Il gran finale spetta a "Underworld", canzone ipnotica e capace di suscitare tante emozioni. Bellissimi i suoni creati dagli strumenti. Dopo una bella introduzione, la canzone mette in mostra una melodia di buona fattura, che ben si adatta all'arrangiamento vuoi pesante, vuoi morbido. Grande musica, comunque, che rimescola di nuovo le carte ma non concede nulla alle regole del mercato, pur giocandoci pesantemente con una musica che flirta con la facilità d'ascolto.
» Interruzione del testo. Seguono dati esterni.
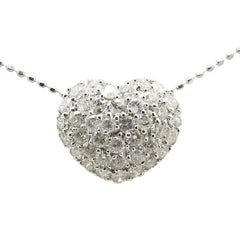 K18WG ホワイトゴールド ダイヤ1.08ct ハート モチーフ ペンダントネックレス レディース 【中古】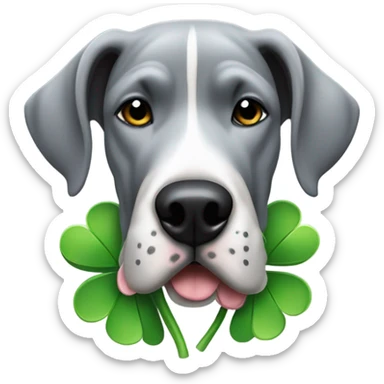 Grey great dane with four leaf clover sticker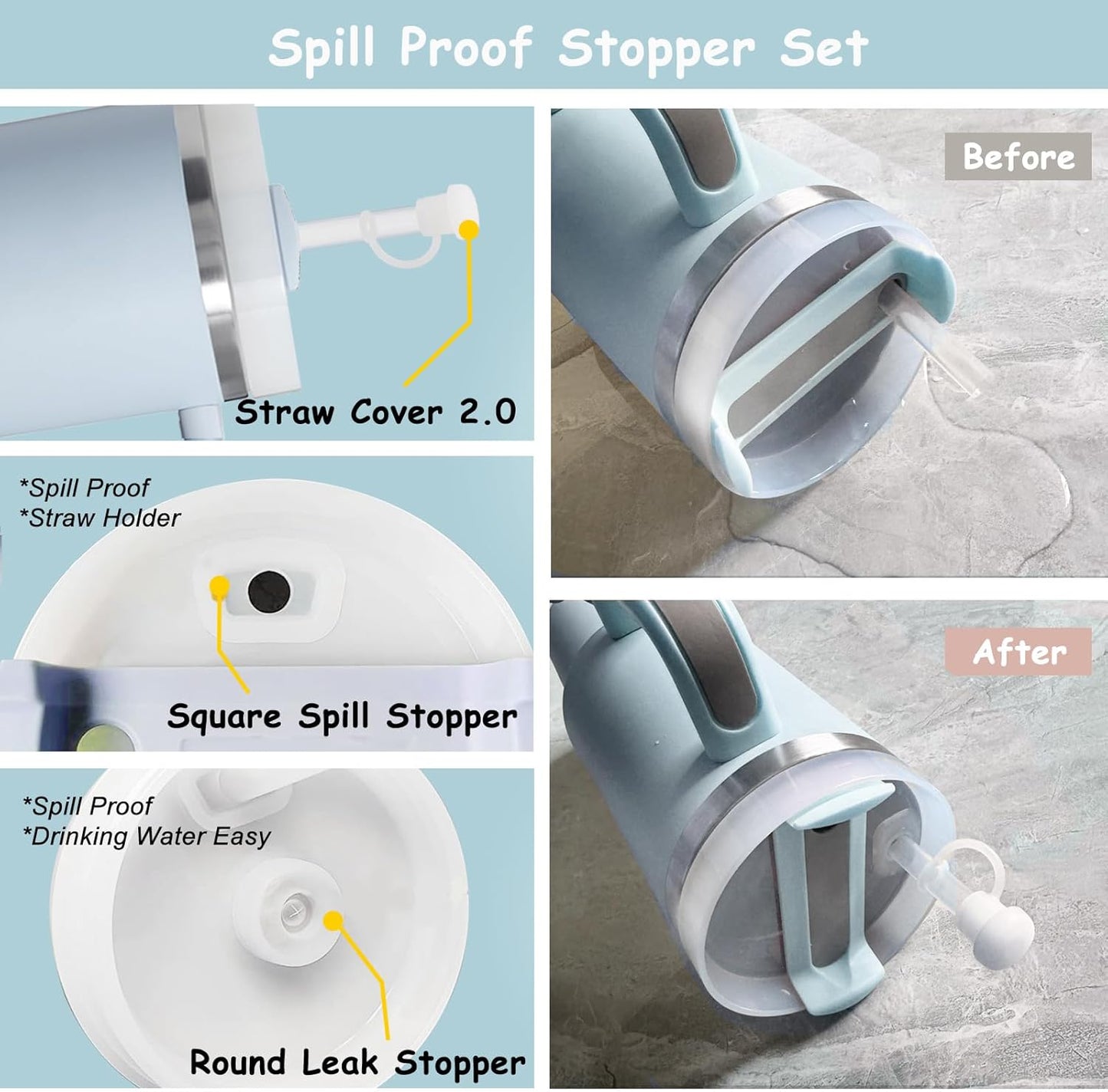 Stanley Cup Accessories Set,Including 2 Pcs 0.4in Straw Cover, 1 Silicone Spill-Proof Stopper Set of 3, 1 Cute Flower Handle Charm, 1 Silicone Boot Fits Stanley 40&30 Oz Tumbler (Blue)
Davvero ammirevoli.
"Travelling In Travel" è senz'altro un disco originale, che però trae la sua originalità dal modo di utilizzare elementi già sfruttati o addirittura creati da altri. I Dysfunctional By Choice sfruttano al meglio l'esempio di gruppi ben più famosi, e la vaghezza stessa di una definizione quale "alternative", per dar sfogo ad un songwriting libero, svincolato da ogni canone stilistico. L'utilizzo di melodie molto evidenti crea l'illusione di una proposta musicale facile, in realtà complessa e stratificata.
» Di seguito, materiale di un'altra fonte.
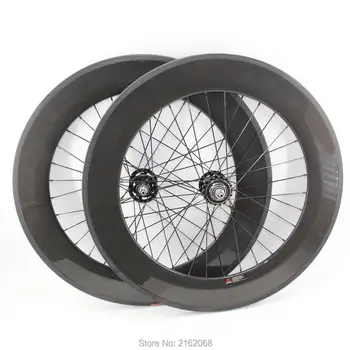 

New 700C 88mm clincher rims track fixed gear bike aero 3K UD 12K full carbon fibre bicycle wheelset 20.5 23 25mm width Free ship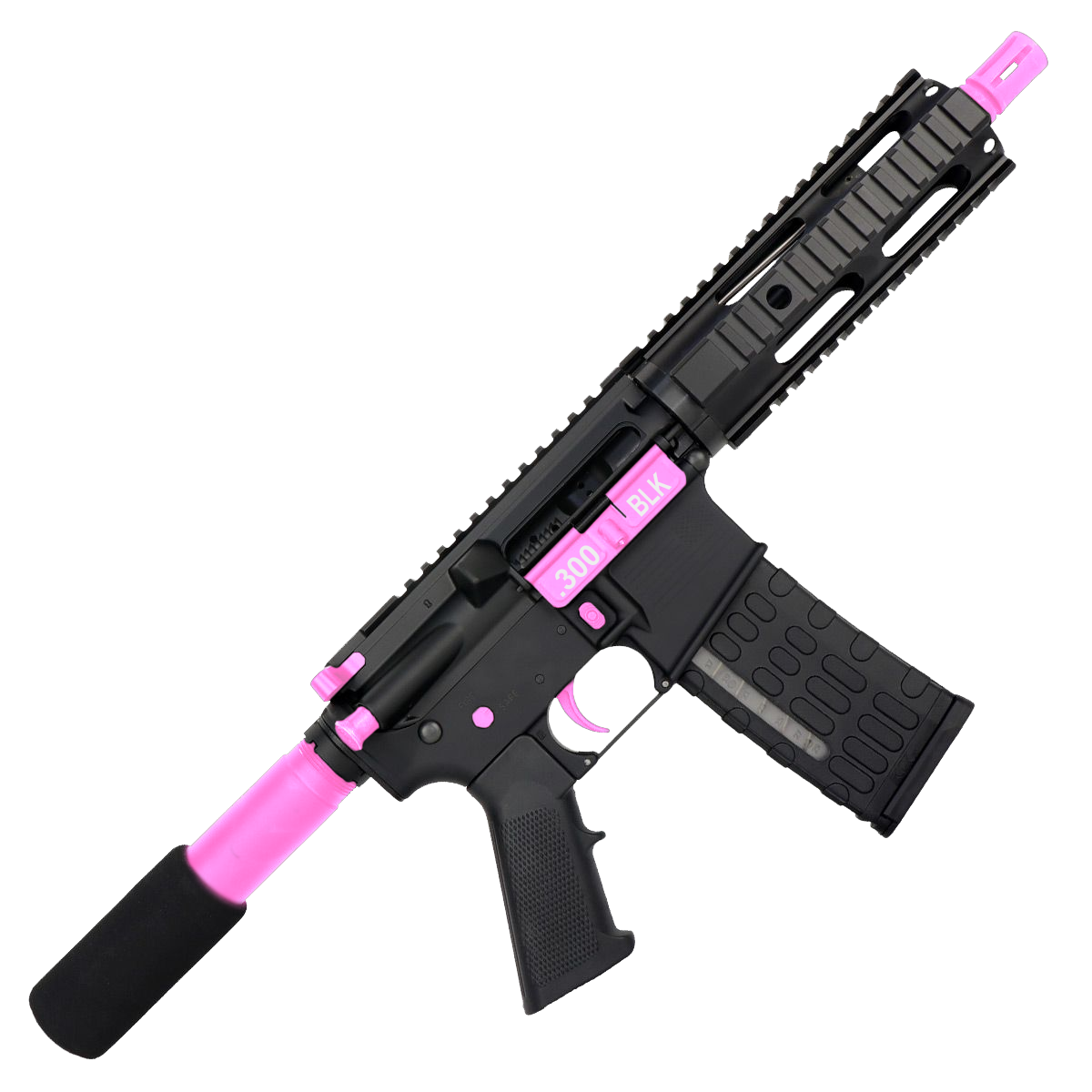 AR-15 Two-Tone Semi Auto .300 Blackout Tactical Pistol 7.5" Barrel 7" Quad Rail - Black and Sig Pink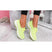 Women's Low Mid Heel Textured Mesh Trainers Fluorescence UK 7-Shoes-Miss Bella-UK 7-Miss Bella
L'altro lato della medaglia è dato dal fatto che, spesso, "Travelling In Travel" sembra azzeccare brani memorabili, che però a lungo andare si rivelano dispersivi, oppure perdono la loro verve. Al gruppo manca ancora la melodia killer capace di farli entrare nell'Olimpo dei grandi, ma al tempo stesso non riesce a ricreare la malinconia struggente dei Cult Of Luna, e le complesse trame dei migliori Tool. Ovviamente è una band che deve ancora crescere ed affermarsi, ma che già allo stato attuale si dimostra in possesso di mezzi superiori alla media.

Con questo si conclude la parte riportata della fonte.